DATA BLOCK:
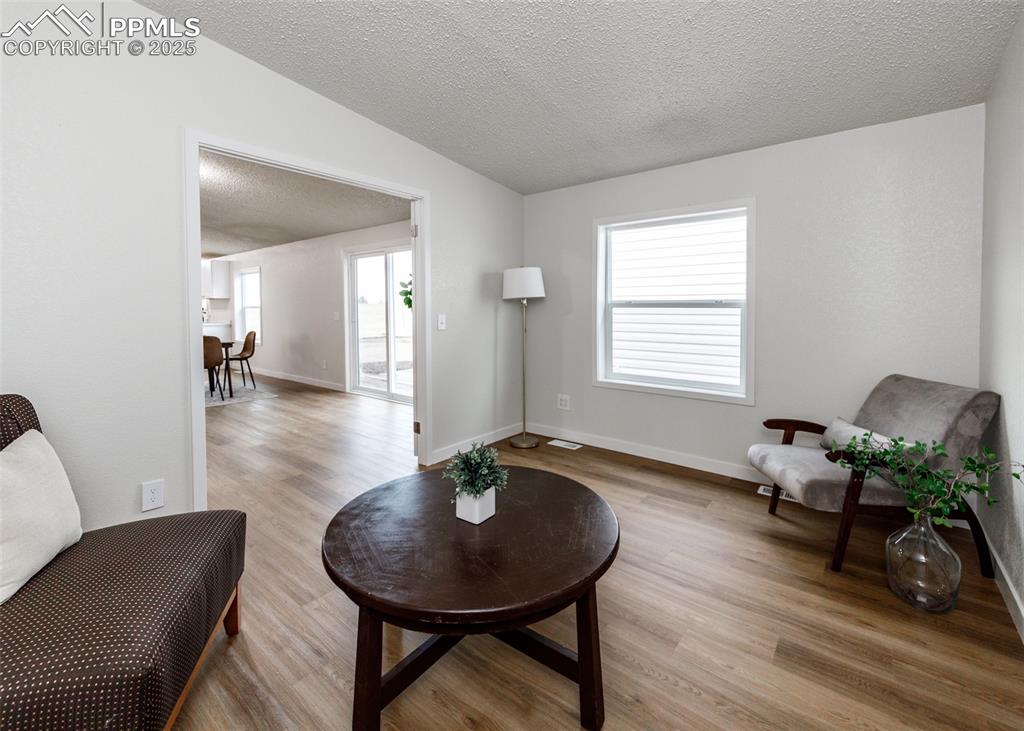 Image 36 of 50: Sitting Room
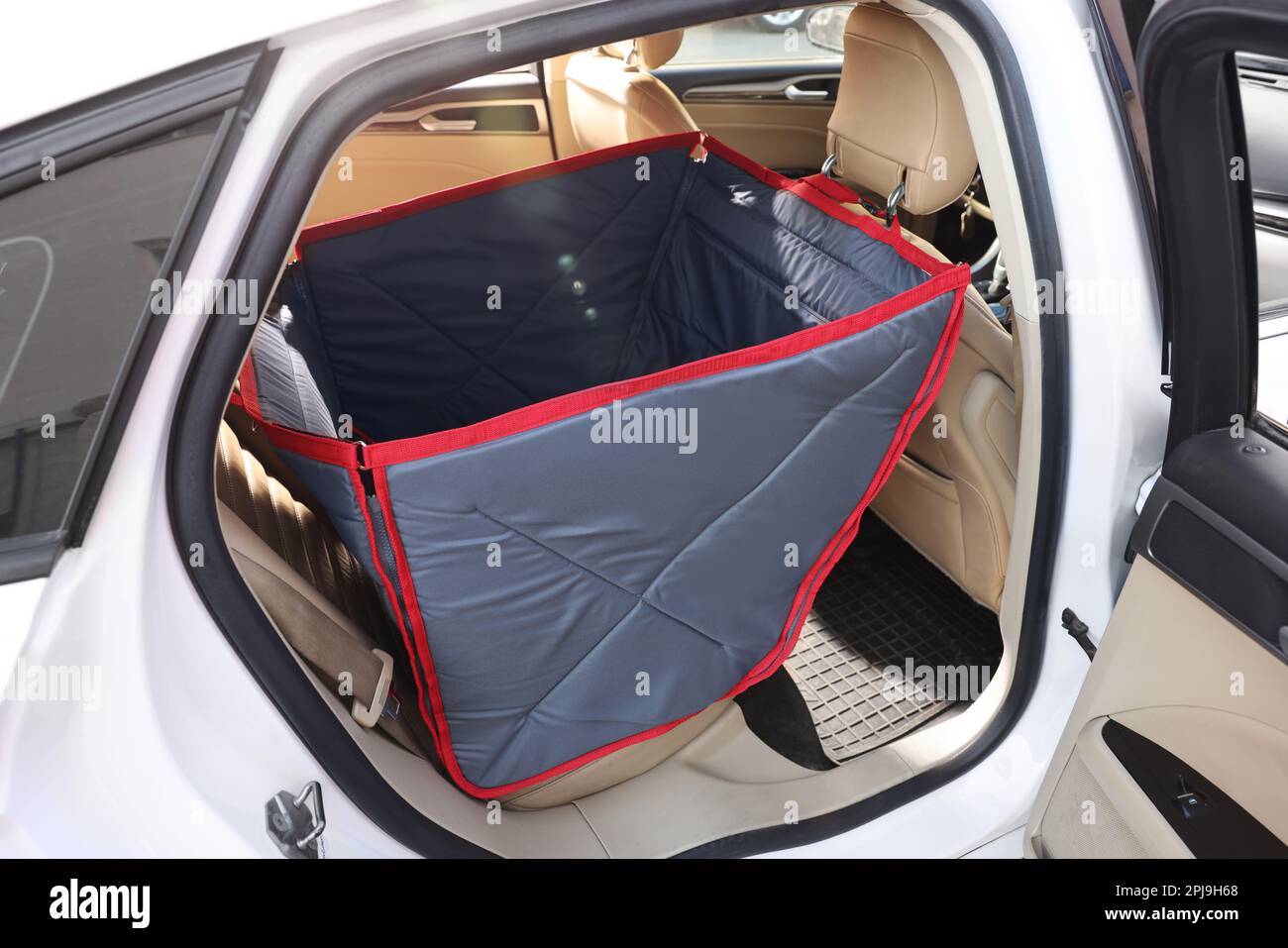 Schwarzer Sackträger für Haustiere im Auto Stockfoto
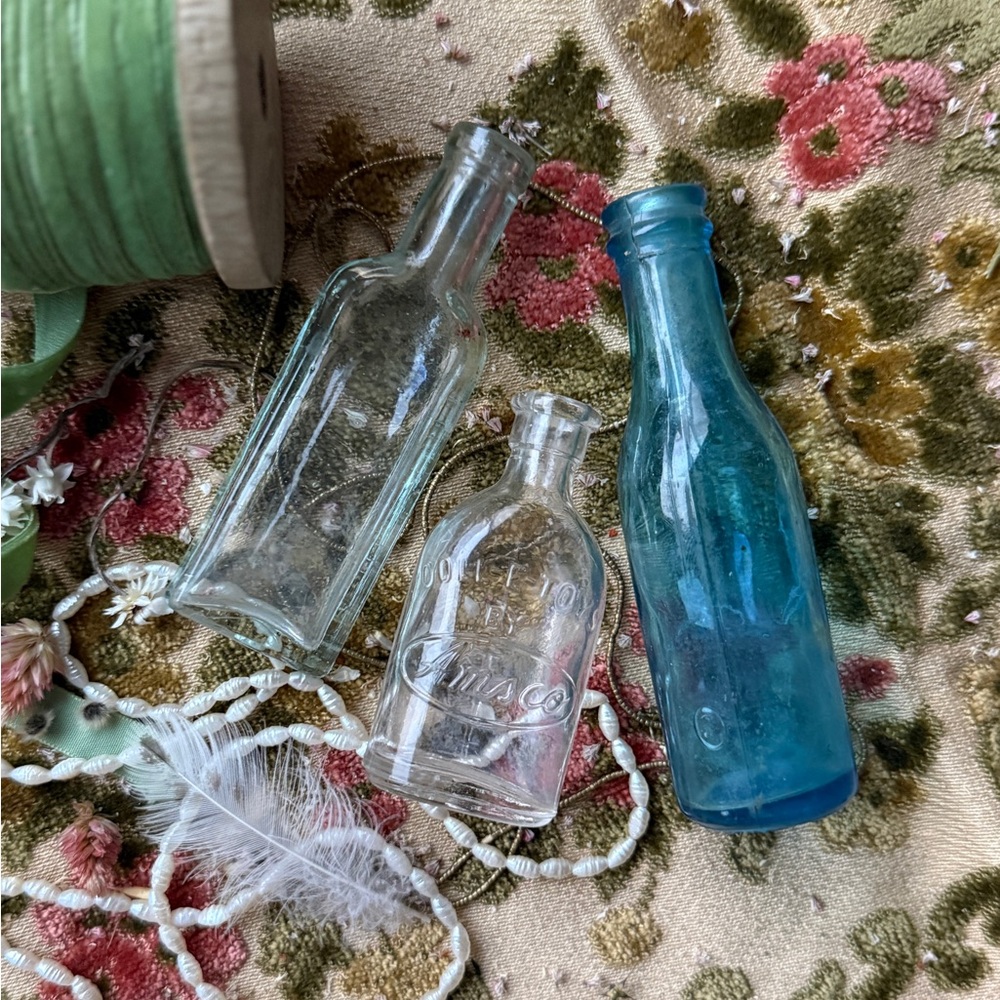Set of 3 Antique Miniature Apothecary Azure Glass Bottles - Picture 7 of 12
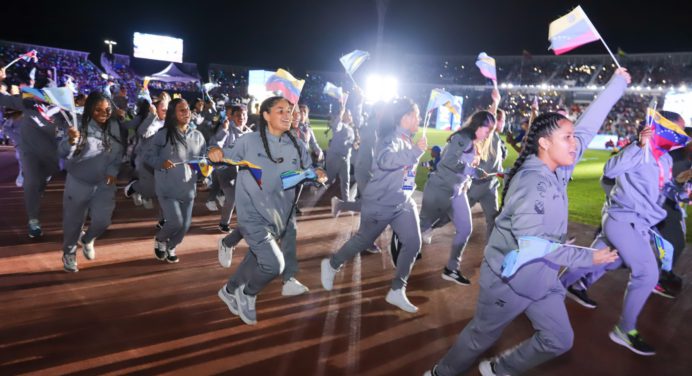 Monagas dijo presente en Anzoátegui en la gala inaugural de los Juegos Oriente 2024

PROBLEM TO WORK ON:
With images omitted, output the data exactly as given.

TASK RESULT:
 Image 36 of 50: Sitting Room
 Schwarzer Sackträger für Haustiere im Auto Stockfoto
Set of 3 Antique Miniature Apothecary Azure Glass Bottles - Picture 7 of 12
 Monagas dijo presente en Anzoátegui en la gala inaugural de los Juegos Oriente 2024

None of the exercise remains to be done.